Anyway, fortunately, I had picked a warm spring day to wonder about fear, and so he was happily ensconced on his porch chair in shorts, an old polo shirt, and fuzzy mid-calf sport socks like a king, proudly surveying his burgeoning crop of seasonally expected weeds. He once explained to me that he found grass and its relatives totally lacking in imagination and so he encouraged an ecumenical assortment of strangers to audition each year. Actually, he just said he kind of liked weeds, but Brien is a friend, so I usually soften it a bit for him.

I had clearly happened upon him in a contemplative mood, however, and as I picked my way over the shards of broken concrete that littered his yard like a Neolithic midden, he was busy staring at Sheda. He felt increasing concern for the fate of the cedar tree, and although it dominated almost half of the far edge of his property and was clearly the original owner of the lot, he worried that it was experiencing the same downward slide as himself.

“Branches are not moving as well as the old days,” he said in a sort of thanatological greeting as I stepped warily onto the porch, avoiding the final terminally warped step which he would have been better advised to worry about than the tree.

“Pardon me?” I mumbled, too aware there were other risks for the unwary foot lurking hitherto unseen on the floorboards of the porch.
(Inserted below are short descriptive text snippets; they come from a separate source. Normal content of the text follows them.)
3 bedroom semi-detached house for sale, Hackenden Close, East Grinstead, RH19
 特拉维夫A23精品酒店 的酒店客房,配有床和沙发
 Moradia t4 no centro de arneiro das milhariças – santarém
Each visit was an journey, really -a walk down a leaf-strewn trail in the fall, a careful exploration of the knotted, buckling wood in the spring. It was as much a thing for all seasons as its owner.
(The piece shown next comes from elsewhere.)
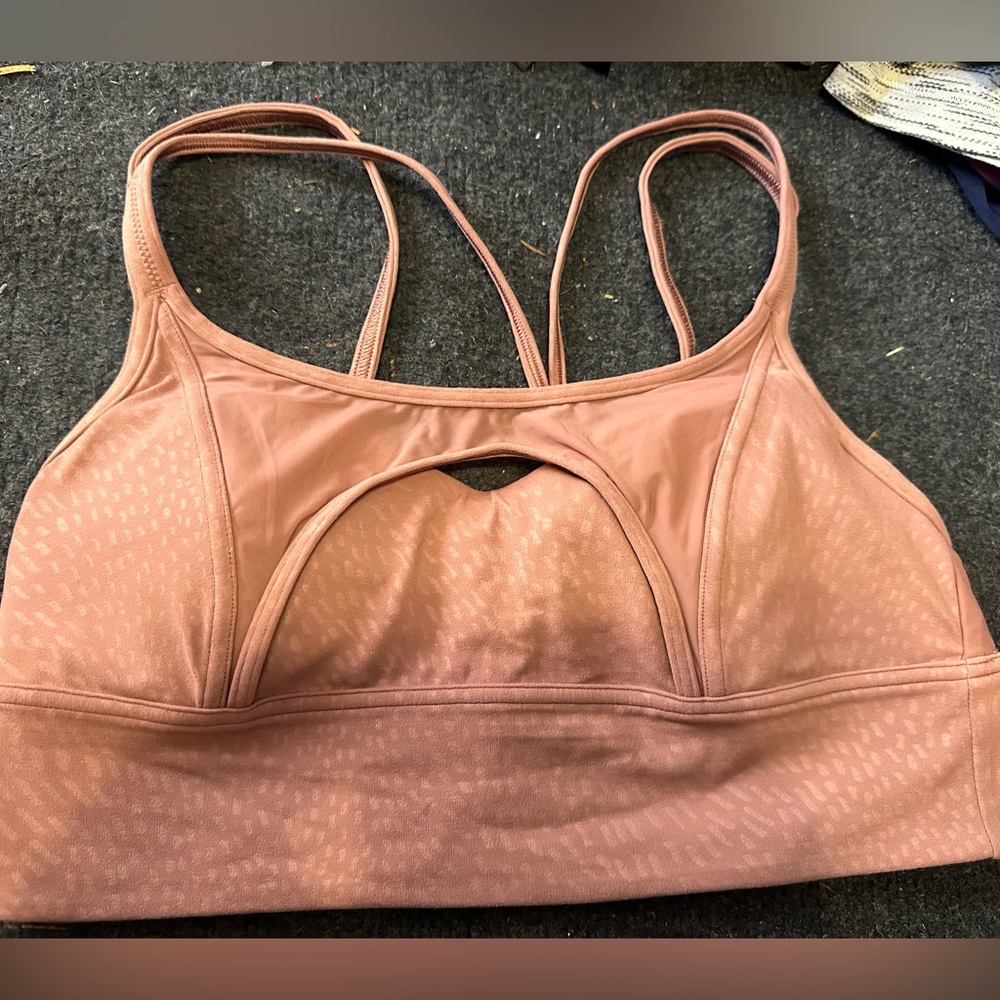 Lululemon sports bra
“I wonder if it’s getting old,” he said, shaking his head slowly and pointing at the beer under the guest seat he always kept ready for me beside him.

I was pretty sure he meant the tree, but I suddenly pulled my hand away from the can under the seat when I noticed the slug. “Brien!” I think I actually whined.

His face softened and a twinkle crept onto his lips. “Probably lost,” he said, and shrugged as if lost molluscs were commonplace on the porch. “Just pick up the can and it’ll wander off.” He bent over to look at it more closely. “I think I recognize that one, actually,” he said almost tenderly. He sat up again, and noticing I was making no attempts to retrieve the beer, handed me a different can from the cooler he kept near the steps. His eyes flitted around my cheeks like uncertain sparrows. “They don’t bite, ya know…” He took a sip from his own can and shifted his gaze to Sheda. “Not even sure if they have teeth.”

I sighed and accepted the new can. I could sense him peeking at me out of the corner of his eyes, and I could see he was having difficulty restraining a smile. It was probably not the time to ask him about his views on irrational fear.